1.Reduced trust barrier for online transactions.

2.Built an alternate payment channel for people with now access to plastic money

3.Great way for people who deal only in cash to buy stuff online bringing cash economy on the e-commerce bandwagon

A week after the announcement, about 20 percent of cash-on-delivery orders were cancelled, hurting logistics companies as well as online market places.

Who were at the receiving end?

The on-demand delivery sector has emerged a clear winner, with grocery and food delivery firms seeing a surge in prepaid orders over cash payments on delivery. On-demand or hyper local delivery firms supply groceries, household items and food from neighborhood stores or restaurants to customers—and capital-intensive business model that forced some firms to fold. The tide has now changed.

Amazon India appears poised to win share from other players, in part because it has the deep pockets to support strong discounting and the cost of merchandise returns, which are a common feature of developing e-commerce markets.

The predicted value of the ecommerce industry has been reduced. American market research company eMarketer has noted that the earlier approximation of 75 percent of growth in the Indian ecommerce industry was now cut to 55.5 percent. With this current currency ban on Rs 500 and Rs 1000 notes, the businesses that are solely dependent on cash payments are bound to suffer. Whereas, the businesses like eCommerce that offer other online payment options will have a limited impact. So, it is entirely your business decision to choose which side of the fence after this demonetization step.

hyper local delivery firms supply groceries, house hold items and food from neighborhood stores or restaurants to customers—and capital-intensive business model that forced some firms to fold. The tide has now changed.

Even we discussed a lot of its benefit for the Indian economy or the bigger picture.

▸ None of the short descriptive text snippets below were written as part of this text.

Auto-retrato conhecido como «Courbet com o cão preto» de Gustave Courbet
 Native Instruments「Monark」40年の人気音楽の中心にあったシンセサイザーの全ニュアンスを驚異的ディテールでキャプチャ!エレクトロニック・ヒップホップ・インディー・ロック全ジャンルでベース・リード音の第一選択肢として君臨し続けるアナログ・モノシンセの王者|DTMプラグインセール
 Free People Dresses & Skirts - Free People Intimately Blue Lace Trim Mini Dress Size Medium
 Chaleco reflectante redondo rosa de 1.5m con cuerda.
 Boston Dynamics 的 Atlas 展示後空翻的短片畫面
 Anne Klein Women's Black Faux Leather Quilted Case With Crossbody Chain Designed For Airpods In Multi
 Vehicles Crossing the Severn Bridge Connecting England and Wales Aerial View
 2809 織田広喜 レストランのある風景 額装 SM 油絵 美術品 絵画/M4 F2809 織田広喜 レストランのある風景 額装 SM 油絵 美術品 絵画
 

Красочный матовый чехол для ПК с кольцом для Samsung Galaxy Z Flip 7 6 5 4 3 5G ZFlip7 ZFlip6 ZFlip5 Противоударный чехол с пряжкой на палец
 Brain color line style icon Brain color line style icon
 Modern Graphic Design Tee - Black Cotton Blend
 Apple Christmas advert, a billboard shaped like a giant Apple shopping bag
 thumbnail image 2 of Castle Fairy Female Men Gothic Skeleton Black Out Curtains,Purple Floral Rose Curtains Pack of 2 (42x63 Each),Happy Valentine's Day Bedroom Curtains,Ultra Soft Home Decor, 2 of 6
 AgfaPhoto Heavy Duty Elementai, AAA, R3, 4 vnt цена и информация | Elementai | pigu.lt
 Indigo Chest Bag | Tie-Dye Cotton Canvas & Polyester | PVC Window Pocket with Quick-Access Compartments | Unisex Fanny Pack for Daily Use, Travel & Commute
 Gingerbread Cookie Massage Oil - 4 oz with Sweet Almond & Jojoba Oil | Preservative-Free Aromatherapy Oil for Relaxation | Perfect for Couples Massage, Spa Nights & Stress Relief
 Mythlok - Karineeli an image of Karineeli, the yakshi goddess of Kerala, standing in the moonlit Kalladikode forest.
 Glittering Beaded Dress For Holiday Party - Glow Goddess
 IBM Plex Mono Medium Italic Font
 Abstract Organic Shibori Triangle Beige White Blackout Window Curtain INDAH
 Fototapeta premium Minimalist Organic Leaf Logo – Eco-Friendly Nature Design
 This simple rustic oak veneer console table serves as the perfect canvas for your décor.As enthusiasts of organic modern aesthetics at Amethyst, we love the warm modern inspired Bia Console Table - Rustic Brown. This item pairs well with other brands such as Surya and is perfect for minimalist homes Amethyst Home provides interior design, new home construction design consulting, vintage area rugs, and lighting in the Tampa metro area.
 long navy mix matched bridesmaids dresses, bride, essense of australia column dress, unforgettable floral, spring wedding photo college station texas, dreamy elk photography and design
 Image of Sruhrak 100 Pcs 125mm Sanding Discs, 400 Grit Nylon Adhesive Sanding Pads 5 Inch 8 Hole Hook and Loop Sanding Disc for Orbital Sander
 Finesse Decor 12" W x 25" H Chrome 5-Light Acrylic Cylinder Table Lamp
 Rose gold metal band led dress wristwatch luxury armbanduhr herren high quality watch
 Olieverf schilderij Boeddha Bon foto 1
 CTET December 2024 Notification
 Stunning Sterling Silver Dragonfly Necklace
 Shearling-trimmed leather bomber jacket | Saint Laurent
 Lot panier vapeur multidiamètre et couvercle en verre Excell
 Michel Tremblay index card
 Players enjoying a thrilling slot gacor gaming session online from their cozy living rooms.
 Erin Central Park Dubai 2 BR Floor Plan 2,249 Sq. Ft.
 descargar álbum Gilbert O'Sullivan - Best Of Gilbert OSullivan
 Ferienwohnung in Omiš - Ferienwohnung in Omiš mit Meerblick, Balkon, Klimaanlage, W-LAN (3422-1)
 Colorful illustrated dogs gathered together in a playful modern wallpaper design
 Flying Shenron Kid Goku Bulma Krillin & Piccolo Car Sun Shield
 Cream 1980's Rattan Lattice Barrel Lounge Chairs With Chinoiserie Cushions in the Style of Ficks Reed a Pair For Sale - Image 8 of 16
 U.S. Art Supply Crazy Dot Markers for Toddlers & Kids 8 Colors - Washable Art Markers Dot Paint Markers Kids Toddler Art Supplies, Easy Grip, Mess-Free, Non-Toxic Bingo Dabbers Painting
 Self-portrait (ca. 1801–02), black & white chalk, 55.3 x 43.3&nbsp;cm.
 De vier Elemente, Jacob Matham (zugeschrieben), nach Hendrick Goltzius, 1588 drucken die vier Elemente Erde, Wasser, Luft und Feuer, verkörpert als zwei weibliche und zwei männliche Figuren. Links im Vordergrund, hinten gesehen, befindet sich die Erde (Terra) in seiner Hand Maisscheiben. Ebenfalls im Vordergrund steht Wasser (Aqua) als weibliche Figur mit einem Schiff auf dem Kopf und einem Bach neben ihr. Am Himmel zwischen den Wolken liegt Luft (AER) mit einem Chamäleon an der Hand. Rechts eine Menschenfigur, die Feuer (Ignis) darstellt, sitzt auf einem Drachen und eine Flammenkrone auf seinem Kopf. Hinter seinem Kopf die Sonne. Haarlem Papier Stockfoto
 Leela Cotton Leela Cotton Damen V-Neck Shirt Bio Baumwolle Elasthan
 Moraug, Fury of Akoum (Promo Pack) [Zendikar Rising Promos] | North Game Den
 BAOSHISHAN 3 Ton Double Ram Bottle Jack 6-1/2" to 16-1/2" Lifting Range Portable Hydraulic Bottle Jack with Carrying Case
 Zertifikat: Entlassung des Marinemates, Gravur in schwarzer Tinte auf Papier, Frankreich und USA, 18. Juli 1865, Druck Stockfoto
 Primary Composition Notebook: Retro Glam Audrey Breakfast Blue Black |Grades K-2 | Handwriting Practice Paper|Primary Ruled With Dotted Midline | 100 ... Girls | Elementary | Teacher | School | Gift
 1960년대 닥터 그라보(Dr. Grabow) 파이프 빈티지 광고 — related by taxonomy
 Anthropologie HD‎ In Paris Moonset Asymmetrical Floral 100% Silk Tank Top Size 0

Still many fronts are at the losing end.

1.Knowing most of the Indian ecommerce were leveraging cash on delivery. All COD orders were badly hit.

2.With cash rationing, consumption dropped and people spent less which caused impact on non-COD orders as well.

3.When there is less cash one always stop discretionary expenses first, so categories like fashion, wellness, gifting etc. were impacted more than stuff like accessories, daily utility, baby products and electronics.

4.Big ticket items like high-end mobile phones, which were popular on COD, were hit more than smaller ticket items.

5.On the flip side returns and order cancellations were reduced creating better order economics.

This new system has lead more people to use traditional banking services like credit cards, which is a key factor in allowing consumers to buy online but it will take time for this kind societal change to take effect, so the forecast numbers for the coming years can be considered still lower than the previous estimates.

Winners in Demonetization

Big win was clearly for digital wallets who witnessed increase in transactions and adoption by customers and merchants. Makers of Points of Sale (POS) machines are seeing surge in demand. IndiaMart released a figure saying demand for POS systems through its platform has increased 2,000 percent.

While the entrepreneurs continue to support the Central government’s announcement on public forums, their businesses have been hit by the crackdown on cash transactions, which accounts for about 60 percent of the payments for orders placed online in India.

“Ecommerce has seen a 30-40 percent reduction in (cash-on-delivery) order volumes. Our initial estimate was that we would see about 10 percent reduction in (gross merchandise value, or gross sales) estimate, but in the last two weeks we have seen it reduce by 10-15 percent. Allied to that is the number of online purchases that return undelivered to the country’s top three ecommerce companies, which has shot up by more than 50 percent since the demonetization announcement, as per industry estimates. Returns are typically pegged at 20-30 percent of all online retail orders.